LOS ANGELES, CA, March 13, 2012—Producers Barbra Streisand and Joel Silver have set Academy Award®-winning writer Julian Fellowes to pen the screenplay adaptation of Stephen Sondheim and Arthur Laurents’ Tony Award winning musical, Gypsy, which Ms. Streisand and Mr. Silver are currently developing for Universal Pictures. Ms. Streisand will portray “Momma Rose” in the new version, her first musical film since Yentl in which the Oscar®-winning actress and iconic singer starred, produced, co-wrote and directed in 1983.
Fellowes won the Original Screenplay Academy Award® for Gosford Park and most recently earned the Emmy and Golden Globe for creating and writing the acclaimed miniseries, Downton Abbey.

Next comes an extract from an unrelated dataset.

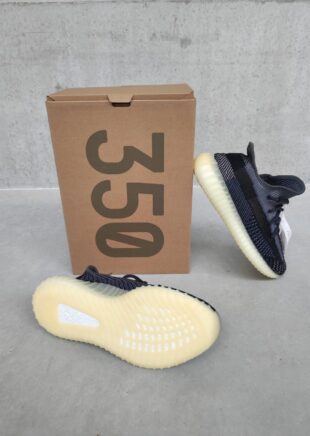 Adidas Yeezy Boost 350 V2 Carbon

His musical theatre work includes adapting the script for Disney’s stage production of Mary Poppins.
Gypsy has exhilarated audiences on both stage and screen since its first Broadway run in 1959 with Ethel Merman. Since then, the compelling story based on the memoirs of the famous striptease artist, Gypsy Rose Lee, has spawned numerous reincarnations including the 1962 film starring Rosalind Russell and Natalie Wood, four Broadway revivals, as well as a made-for-television movie.
A celebrated artist, Streisand has gathered Oscar®, Tony, Emmy, Grammy, Directors Guild of America and Golden Globe awards, winning Oscars® for both, Best Actress (Funny Girl) and Best Original Song (for her composition of “Evergreen” from her production of A Star Is Born).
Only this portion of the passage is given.